We also consider two widely-used parallel skeletons:

• A Farm (\(\varDelta \)) skeleton, \(\varDelta ( nwCPU , nwGPU ,f,x)\), represents the application of a single function, f, to the sequence of independent inputs,

  \(x_1,x_2,x_3,\ldots ,x_n\), in parallel. In the farm implementation that we consider, a specific number of worker threads is created, and the inputs are assigned to these worker threads in a round-robin fashion. Here nwCPU/nwGPU are, respectively, the number of worker threads executed on CPUs/GPUs.

• The Pipeline (\(\parallel \)) skeleton applies the composition of the functions

  \(f_1, f_2, \ldots , f_n\), in parallel to a sequence of independent inputs \(x_1,x_2,\ldots ,x_m\), where the output of \(f_i\) is the input to \(f_{i+1}\). Parallelism arises from the fact that \(f_i(x_j)\) can be computed in parallel with \(f_{i+1}(f_i(x_{j-1}))\). In the implementation that we consider, a separate thread is assigned to each pipeline stage (function \(f_i\)). We denote the pipeline skeleton by \((f_1 \parallel f_2 \parallel \dots \parallel f_n)(x) \). Note that the pipeline skeleton does not accept the number of workers as an input, because a pipeline stage is always executed in one thread. If we want multiple threads to execute a single pipeline stage, to parallelise processing of items from its inputs, we compose it with the farm skeleton.

We also allow nested skeletons. It is, therefore, possible to, for example, nest a pipeline inside a farm, \(\varDelta (nwCPU,nwGPU,f1 \parallel f2, x)\). A skeletal configuration abstracts over the skeleton parameters (e.g. the number and type of workers in a farm), thus focusing only on the nesting structure of the skeletons. In a skeletal configuration, we denote \(\varDelta ( nwCPU , nwGPU ,f,x)\) simply by \(\varDelta (f)\), and \((f_1 \parallel f_2 \parallel \dots \parallel f_n)(x)\) by \(f_1 \parallel f_2 \dots \parallel f_n\).

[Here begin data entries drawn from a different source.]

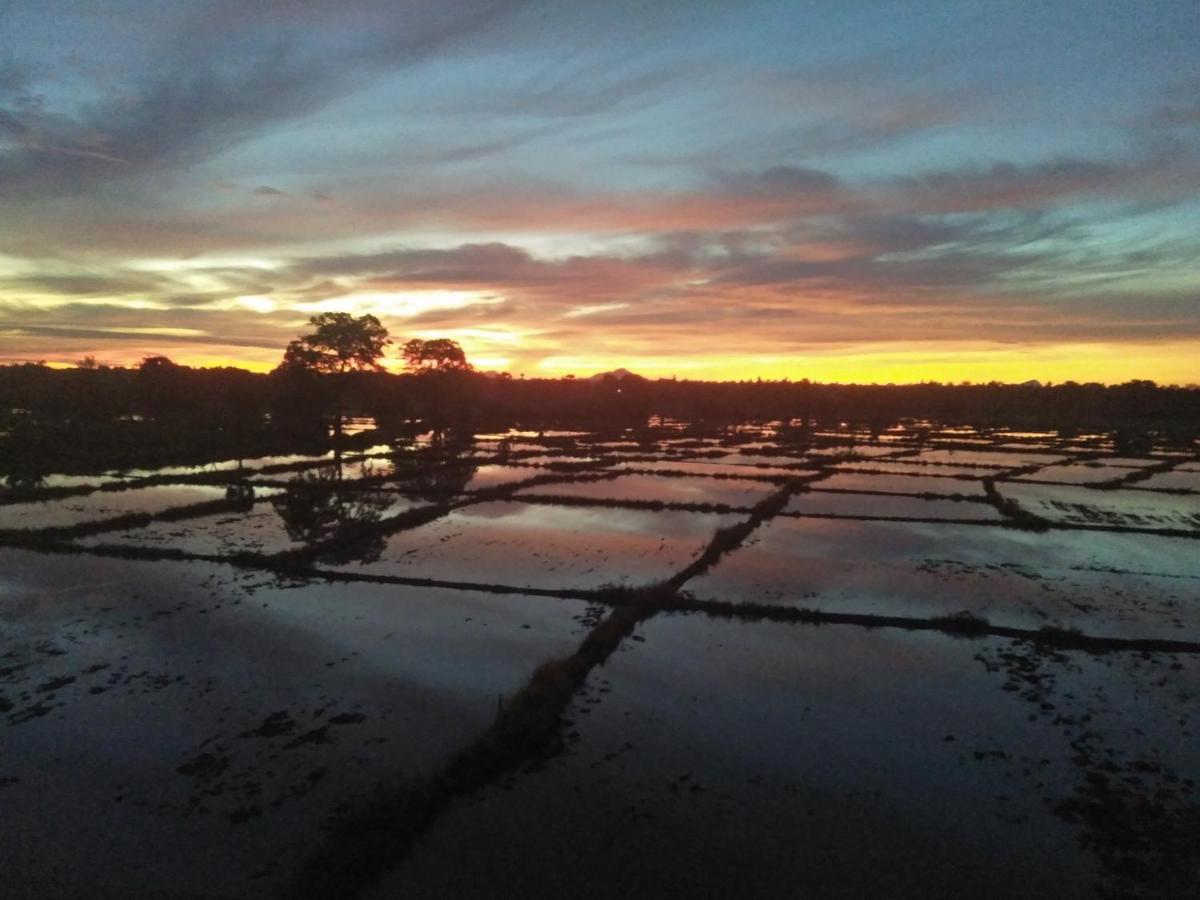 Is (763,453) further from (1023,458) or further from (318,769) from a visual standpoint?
(318,769)

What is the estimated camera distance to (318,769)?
6.70 m

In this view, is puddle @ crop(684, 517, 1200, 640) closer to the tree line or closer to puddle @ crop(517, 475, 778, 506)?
puddle @ crop(517, 475, 778, 506)

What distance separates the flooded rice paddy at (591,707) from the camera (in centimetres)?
556

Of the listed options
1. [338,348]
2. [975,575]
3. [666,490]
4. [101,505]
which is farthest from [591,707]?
[338,348]

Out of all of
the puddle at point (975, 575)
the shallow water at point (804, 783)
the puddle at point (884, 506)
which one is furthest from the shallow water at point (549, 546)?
the shallow water at point (804, 783)

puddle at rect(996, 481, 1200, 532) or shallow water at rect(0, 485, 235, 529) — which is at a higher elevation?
shallow water at rect(0, 485, 235, 529)

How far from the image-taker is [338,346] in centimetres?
5122

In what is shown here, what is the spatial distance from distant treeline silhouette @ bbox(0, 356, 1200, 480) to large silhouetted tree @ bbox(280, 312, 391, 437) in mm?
441

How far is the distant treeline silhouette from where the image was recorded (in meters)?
35.9

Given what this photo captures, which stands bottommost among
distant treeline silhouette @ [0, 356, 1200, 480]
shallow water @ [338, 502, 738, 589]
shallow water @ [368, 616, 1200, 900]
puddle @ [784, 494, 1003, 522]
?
shallow water @ [368, 616, 1200, 900]

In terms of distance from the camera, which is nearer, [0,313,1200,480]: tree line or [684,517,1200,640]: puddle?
[684,517,1200,640]: puddle

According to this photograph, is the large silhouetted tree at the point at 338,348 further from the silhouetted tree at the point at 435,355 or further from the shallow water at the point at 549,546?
the shallow water at the point at 549,546

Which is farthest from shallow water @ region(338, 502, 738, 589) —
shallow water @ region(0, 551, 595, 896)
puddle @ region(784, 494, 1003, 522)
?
puddle @ region(784, 494, 1003, 522)

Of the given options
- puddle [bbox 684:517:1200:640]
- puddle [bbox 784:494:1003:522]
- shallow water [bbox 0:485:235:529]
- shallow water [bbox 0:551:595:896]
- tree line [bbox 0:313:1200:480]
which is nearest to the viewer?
shallow water [bbox 0:551:595:896] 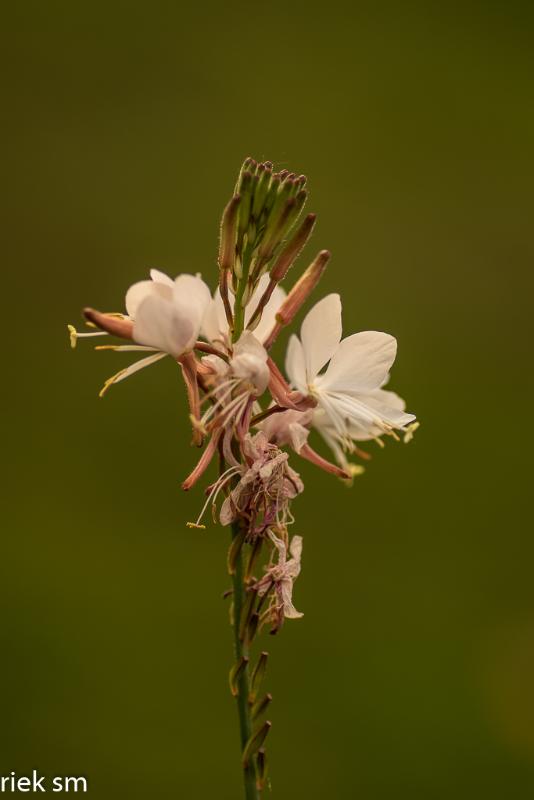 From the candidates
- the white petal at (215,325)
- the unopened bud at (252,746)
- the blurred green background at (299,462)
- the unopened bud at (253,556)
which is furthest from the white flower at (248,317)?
the blurred green background at (299,462)

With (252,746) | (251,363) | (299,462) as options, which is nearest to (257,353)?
(251,363)

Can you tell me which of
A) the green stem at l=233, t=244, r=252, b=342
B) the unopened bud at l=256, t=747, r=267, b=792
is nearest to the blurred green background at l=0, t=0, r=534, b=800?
the unopened bud at l=256, t=747, r=267, b=792

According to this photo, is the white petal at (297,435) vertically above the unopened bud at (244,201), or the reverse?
the unopened bud at (244,201)

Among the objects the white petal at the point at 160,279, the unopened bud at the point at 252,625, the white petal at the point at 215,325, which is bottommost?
the unopened bud at the point at 252,625

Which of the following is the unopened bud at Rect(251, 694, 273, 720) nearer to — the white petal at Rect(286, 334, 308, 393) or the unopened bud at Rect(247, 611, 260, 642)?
the unopened bud at Rect(247, 611, 260, 642)

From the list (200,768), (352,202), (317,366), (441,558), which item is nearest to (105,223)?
(352,202)

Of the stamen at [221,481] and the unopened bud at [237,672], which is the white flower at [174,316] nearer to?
the stamen at [221,481]

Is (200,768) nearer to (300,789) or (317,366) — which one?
(300,789)

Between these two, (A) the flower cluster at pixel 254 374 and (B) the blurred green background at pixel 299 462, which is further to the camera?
(B) the blurred green background at pixel 299 462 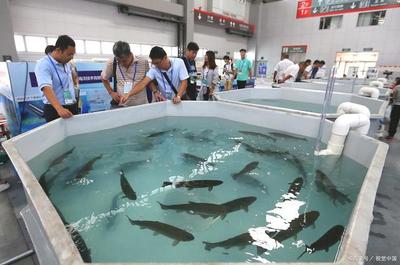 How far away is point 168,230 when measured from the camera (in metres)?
1.27

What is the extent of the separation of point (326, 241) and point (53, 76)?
8.47ft

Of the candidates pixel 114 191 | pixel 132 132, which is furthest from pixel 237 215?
pixel 132 132

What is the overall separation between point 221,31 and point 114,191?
14.7 m

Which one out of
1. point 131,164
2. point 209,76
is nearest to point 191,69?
point 209,76

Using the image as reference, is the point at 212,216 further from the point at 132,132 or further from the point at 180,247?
the point at 132,132

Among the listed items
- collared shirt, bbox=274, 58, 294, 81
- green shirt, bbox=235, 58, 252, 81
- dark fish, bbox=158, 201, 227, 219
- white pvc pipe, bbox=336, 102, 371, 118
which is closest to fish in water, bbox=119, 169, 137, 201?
dark fish, bbox=158, 201, 227, 219

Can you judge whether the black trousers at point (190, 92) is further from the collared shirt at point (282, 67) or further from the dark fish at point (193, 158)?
the collared shirt at point (282, 67)

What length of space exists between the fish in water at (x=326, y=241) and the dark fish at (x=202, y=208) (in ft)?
1.56

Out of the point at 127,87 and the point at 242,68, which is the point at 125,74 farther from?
the point at 242,68

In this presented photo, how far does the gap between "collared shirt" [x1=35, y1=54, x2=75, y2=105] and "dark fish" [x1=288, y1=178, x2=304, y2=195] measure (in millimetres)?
2225

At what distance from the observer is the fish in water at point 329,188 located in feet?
5.30

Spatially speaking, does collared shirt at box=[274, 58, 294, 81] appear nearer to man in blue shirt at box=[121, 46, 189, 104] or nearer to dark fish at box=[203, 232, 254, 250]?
man in blue shirt at box=[121, 46, 189, 104]

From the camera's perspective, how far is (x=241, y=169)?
201 cm

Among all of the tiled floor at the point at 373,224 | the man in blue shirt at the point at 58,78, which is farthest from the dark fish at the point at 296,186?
the man in blue shirt at the point at 58,78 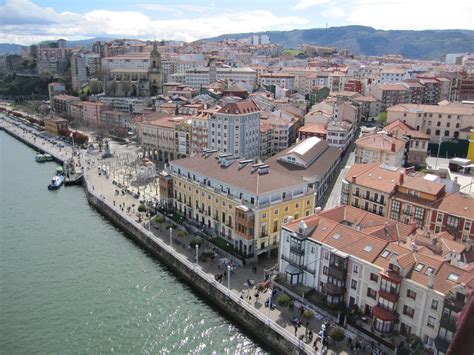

For example, the skeletal configuration \(\varDelta (f) \parallel (g \circ \varDelta (h))\) denotes a pipeline of two stages, (1) a farm whose worker function is f, and (2) a sequential composition of function g with a farm whose worker function is h.

2.2 Refactoring

Refactoring is the process of changing the structure of a program while preserving its functional semantics in order, for example, to increase code quality, programming productivity and code reuse. The term refactoring was first introduced by Opdyke in his PhD thesis in 1992 [22], and the concept goes back at least to the fold/unfold system proposed by Burstall and Darlington in 1977 [10]. Refactoring is a semi-automatic approach that is much more general than fully automated parallelisation techniques, which typically only work for a very limited range of cases under limited conditions. Additionally, unlike simple loop parallelisation, refactoring is applicable to a much wider range of possible parallel structures, since the parallelism is introduced in a controlled way via skeletons. In this paper we make use of a refactoring extension [7] for Eclipse, that introduces and tunes parallelism in C++ by introducing a nesting of skeletons into the application semi-automatically by user-guidance.

3 Programming Heterogeneous Parallel Machines

In this section we introduce a new parallel programming technique aimed at increasing the programmability of heterogeneous parallel systems. Our technique aims to support both the inexperienced parallel programmer with little knowledge on parallel programming techniques; and also the experienced parallel programmer, who seeks to maximize productivity with the appropriate tool support to automate the process. Our general technique is shown in Fig. 1 and comprises a number of steps, described below.

1. 1.

   Identifying initial structure. The programmer starts with a (possibly parallel) application. The first step is to identify an initial skeleton structure in the code corresponding to the skeletons defined in Sect. 2. This skeleton structure is recorded in a text file, which encapsulates the basic sequential structure of the algorithm, together with its basic units of computation (components) and tasks. Components correspond to functions of the source code. We also record what implementations (CPU, GPU or both) exist for which components.

   As a simple example, consider the piece of code in Fig. 2 at lines 162–166.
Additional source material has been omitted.